#### [Saved data entries]
────

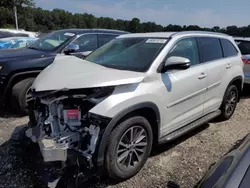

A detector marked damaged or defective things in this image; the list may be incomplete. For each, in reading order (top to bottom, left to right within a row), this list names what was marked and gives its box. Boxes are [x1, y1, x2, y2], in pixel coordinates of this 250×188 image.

crumpled hood [32, 55, 146, 92]
damaged front end [25, 87, 112, 168]
damaged headlight area [25, 86, 113, 167]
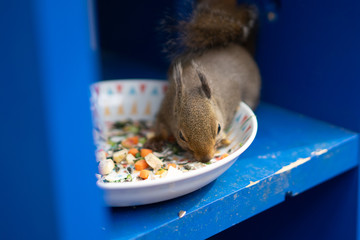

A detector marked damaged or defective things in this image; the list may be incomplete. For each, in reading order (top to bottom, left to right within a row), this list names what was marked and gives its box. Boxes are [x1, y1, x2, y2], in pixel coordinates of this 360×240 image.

chipped paint [274, 156, 310, 174]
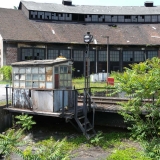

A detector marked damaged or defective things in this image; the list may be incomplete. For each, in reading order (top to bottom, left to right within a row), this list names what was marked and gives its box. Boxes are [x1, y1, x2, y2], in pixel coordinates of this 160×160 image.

rusty metal structure [5, 57, 96, 139]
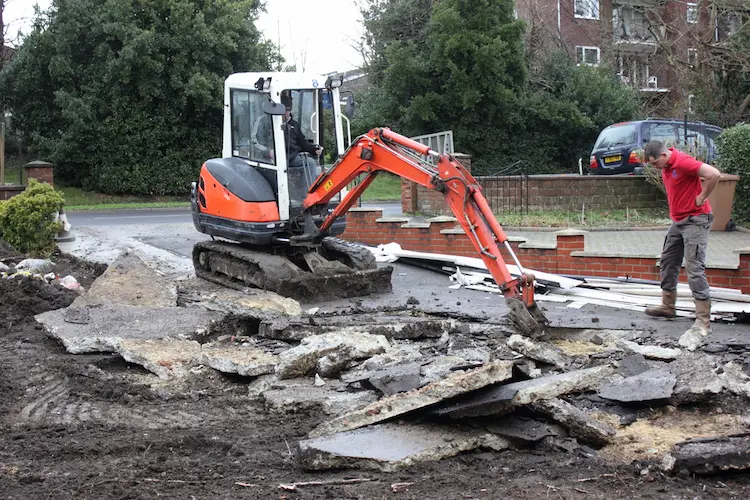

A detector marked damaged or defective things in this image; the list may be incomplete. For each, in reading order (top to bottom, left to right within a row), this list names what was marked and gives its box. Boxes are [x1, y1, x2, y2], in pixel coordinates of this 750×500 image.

broken concrete slab [72, 250, 178, 308]
broken concrete slab [178, 278, 302, 316]
broken concrete slab [36, 304, 223, 356]
broken concrete slab [117, 340, 201, 378]
broken concrete slab [201, 346, 278, 376]
broken concrete slab [264, 378, 382, 418]
broken concrete slab [280, 328, 390, 378]
torn ground surface [4, 234, 750, 500]
broken concrete slab [368, 362, 424, 396]
broken concrete slab [312, 360, 516, 438]
broken concrete slab [434, 366, 616, 420]
broken concrete slab [512, 334, 568, 370]
broken concrete slab [600, 370, 680, 404]
broken concrete slab [620, 340, 684, 360]
broken concrete slab [300, 422, 512, 472]
broken concrete slab [484, 416, 568, 444]
broken concrete slab [528, 398, 616, 450]
broken concrete slab [664, 432, 750, 474]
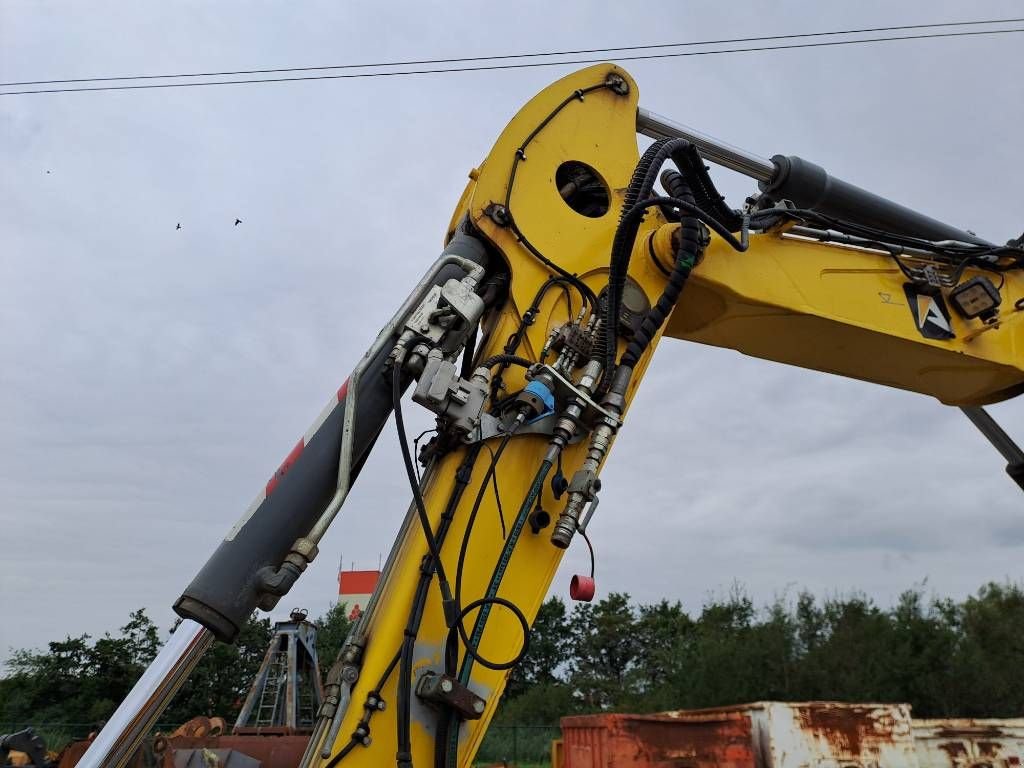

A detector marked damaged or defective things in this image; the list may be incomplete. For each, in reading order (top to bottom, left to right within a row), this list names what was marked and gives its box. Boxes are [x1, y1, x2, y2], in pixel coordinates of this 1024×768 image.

rusty metal container [560, 704, 920, 768]
rusty metal container [912, 716, 1024, 764]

────

#### [THE PROBLEM]
Write out exactly, and only, the lines running from the line with "this 750×500 image." to the last line above, both included, with all pictures omitted.

#### [RESPONSE TO THE EXERCISE]
A detector marked damaged or defective things in this image; the list may be incomplete. For each, in reading order (top to bottom, left to right within a row), this list names what was marked and gives its box. Boxes are [x1, y1, x2, y2], in pixel coordinates of this 750×500 image.

broken concrete slab [72, 250, 178, 308]
broken concrete slab [178, 278, 302, 316]
broken concrete slab [36, 304, 223, 356]
broken concrete slab [117, 340, 201, 378]
broken concrete slab [201, 346, 278, 376]
broken concrete slab [264, 378, 382, 418]
broken concrete slab [280, 328, 390, 378]
torn ground surface [4, 234, 750, 500]
broken concrete slab [368, 362, 424, 396]
broken concrete slab [312, 360, 516, 438]
broken concrete slab [434, 366, 616, 420]
broken concrete slab [512, 334, 568, 370]
broken concrete slab [600, 370, 680, 404]
broken concrete slab [620, 340, 684, 360]
broken concrete slab [300, 422, 512, 472]
broken concrete slab [484, 416, 568, 444]
broken concrete slab [528, 398, 616, 450]
broken concrete slab [664, 432, 750, 474]

A detector marked damaged or defective things in this image; the list may be incomplete. For each, in reading order (top to bottom, left to right within a row), this list names what was marked and gives its box. Boxes are [x1, y1, x2, y2], in pixel coordinates of this 1024×768 image.

rusty metal container [560, 704, 920, 768]
rusty metal container [912, 716, 1024, 764]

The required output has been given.